My reason for starting to write my COVID blog was to try to get away from the divisive politics to look at the real facts. In too many places, journalists have become editorialists without announcing that that is what they are doing, and I think it discredits them. It also makes it harder to know what is real and what is not real, because as I discussed in my last post, they seem to automatically look at anything Trump supports as incorrect or suspect. Even worse, if something is working in a state that has a Republican governor, they try to find holes in his numbers or discredit his motives. They are also somewhat slow to criticize liberal/Democratic governors who have made major mistakes in their handling of the crisis.

But there is a major problem here that goes beyond these issues. We have a president who is stifling the press—and creating an atmosphere in which the press can be stifled. He is using executive orders to settle grudges and go around Congress. (Yes, I know that the number of executive orders issued by a president has been steadily increasing, and that’s a problem, regardless of the president.) Mitch McConnell and Senate Republicans have gone along with a lot of this. For a long time, my response to people’s talk of the US devolving into a totalitarian state would be that I have faith in the system of checks and balances the founders put into place. We are not, I would say, going to go the way of pre-Nazi Germany, because they put in safeguards. The president, as his job is defined, doesn’t have that much power. But Congress, through a combination of ineptitude on the left and self-interest on the right, has allowed an extremely unstable individual to take more power than was ever intended.

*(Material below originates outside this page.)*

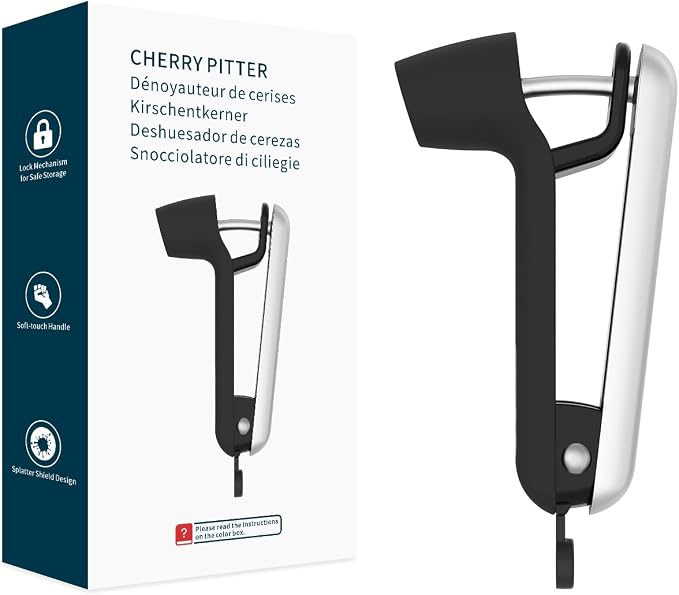 KITCHENDAO Cherry Pitter Tool, Larger Cross-Pitting Head, Sturdy Zinc Alloy Handle, Cherry Core Remover with Safety Lock, Dishwasher Safe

I have voted for both Republicans and Democrats over the years. I am not extreme on either side, and I was always happy that when I was teaching, even when I was using Bill Clinton’s speeches as an example, my students had no idea how I voted. I am not happy that many journalists are increasingly lazy in their reporting in a way that Woodward and Bernstein never would have been. I am mad at the Republicans for increasingly just saying what they need to say to appease the biggest number of people. William F. Buckley would not recognize today’s Republican party. And I am very mad, and befuddled, by the actions of the Democratic machine, which has again tried to game the election by anointing the person they believe to be the most electable. This meme has appeared on my Facebook newsfeed more than once:

It strikes me as desperate, even before the convention, to be admitting your candidate is not that great, but he’s better than the alternative. That’s not how you win elections. Whether or not you agreed with them, Bill Clinton and Barack Obama won their elections (twice in each case) by having a positive message forward, not by saying, “If you don’t vote for me, you’re stuck with him.” I hope that the Democratic Senate campaigns are a bit more purpose-driven, because at least if we had a Congress that is the opposite party to the president, they could check his power. And I hope my Republican and conservative friends agree with me that Trump, who was never an ideological Republican anyway, is beyond excuse or explanation.